Currently organoid technology is having difficulty in homogenization and lacks the scalability for high throughput screens and large-scale cell therapy. Improvement in cell culture methods and ECM support may produce more scalable and reproducible organoids. For cell transplantation therapy using organoids, Matrigel scaffold needs to be replaced by a more biocompatible material.

For the stable scaling up of organoids and their reproducibility, we need to ensure a microbe free cell culture form cell production to validation, development of organoid storage and delivery methods, and methods to validate the safety and efficacy of the in vivo organoids.

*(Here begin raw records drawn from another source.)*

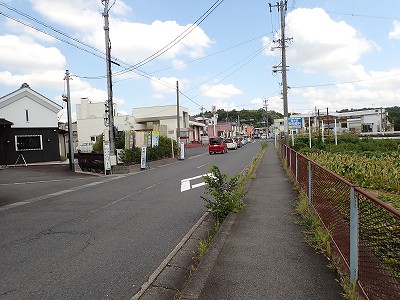 ���{�w�摜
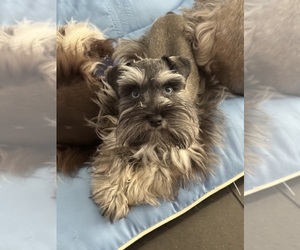 Mother of the Schnauzer (Miniature) puppies born on 08/09/2025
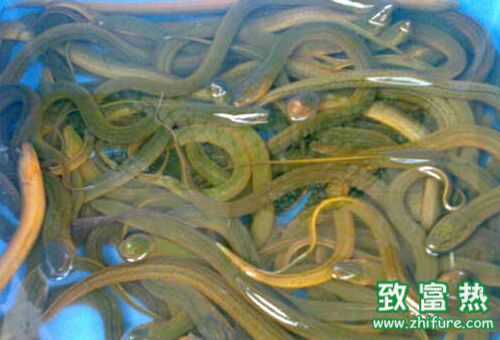 2016養(yǎng)黃鱔賺錢嗎？2016黃鱔養(yǎng)殖前景及市場價格行情分析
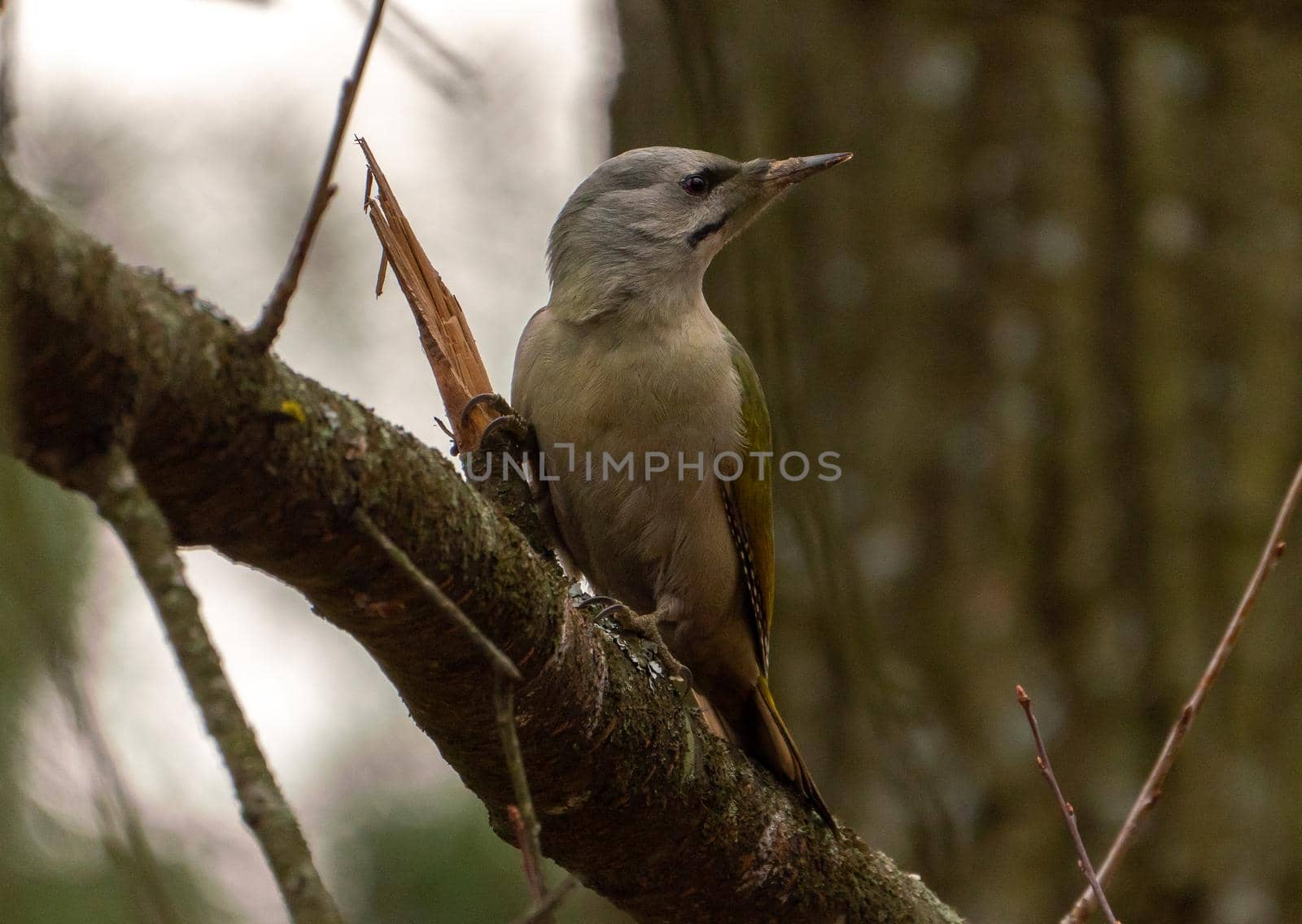 Grey-headed or grey-faced woodpecker female portrait. Picus canus. Birdwatching and wildlife photography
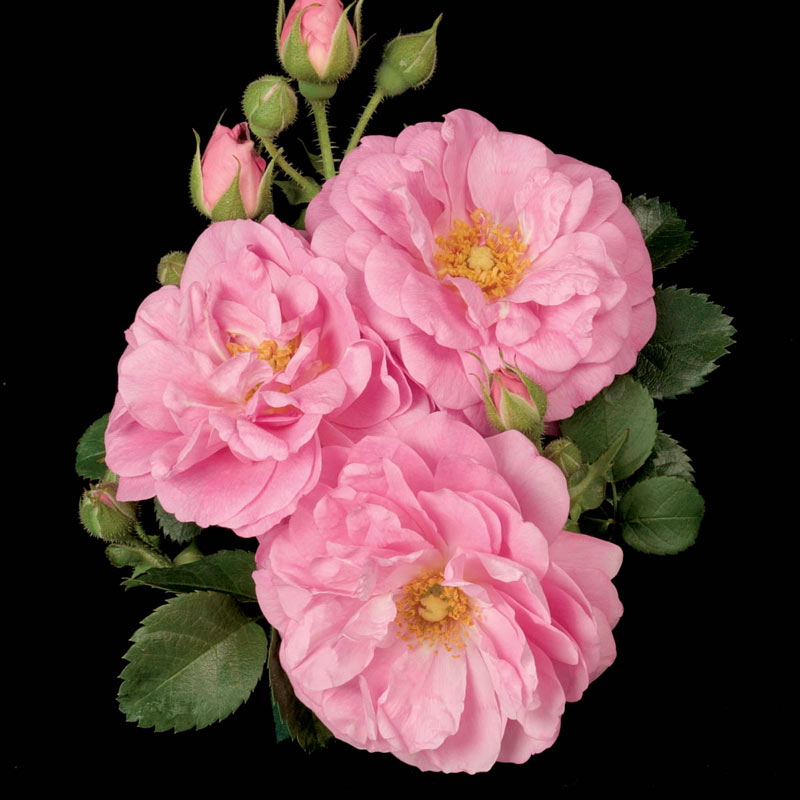 Cape Diamon Climbing Rose - Buy Roses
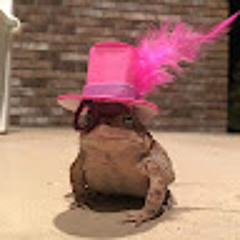 Emiliano Cruz Santiago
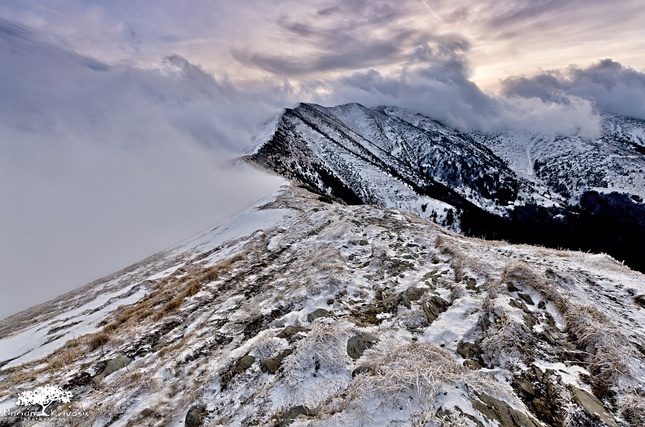 Mystical mountains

Current protocols have limitations of readability as optical monitoring provides unclear information about functionality of the organoids. The readouts of metabolites, secreted factors are variable because of the organoid formation methods. The integration of miniature biosensors into developing organoids can solve this problem but it needs to undergo intensive research and development to achieve that goal. Readouts can be improved by controlled imaging and automated analysis, insertion of miniaturized electrochemical probes, and parallelization and high throughput organoid generation. Some of the other limitations of organoid technology are limited level of maturity and functions of organoids, accessibility of organoids because of short life span, heterogeneity such as variation in organoid formation efficiency, and differences in end point morphology and function.

Organoid technology also raises several ethical issues such as sources of stem cells, informed consent and privacy of cell donors, moral and legal conditions associated with organoids use, gene editing and chimera formation, commercialization, equity in results of treatment and commercialization of the organoids. Misuse and dual use of stored organoids can also have ethical implications as current guidelines are not very clear about organoid uses.

Human organoids have tremendous potential in translational applications and their genetic manipulation, and co-culture with microbes and parasites have opened new models to study disease mechanisms. Human organoids also provide a great opportunity to validate the results generated from the studies on animal models. The fast developments in the field of organoid research have transformed the ways experiments are done in the lab. This survey article demonstrates the recent trends in organoid research and highlights the important growth conditions and determining factors that help the in vitro development of organoids and the possible uses of organoids in disease characterization. Finally, the computational frameworks (viz., machine learning, deep learning, artificial intelligence, and soft computing approaches) related to this study are also amended to this survey paper for better exploration of related diseases.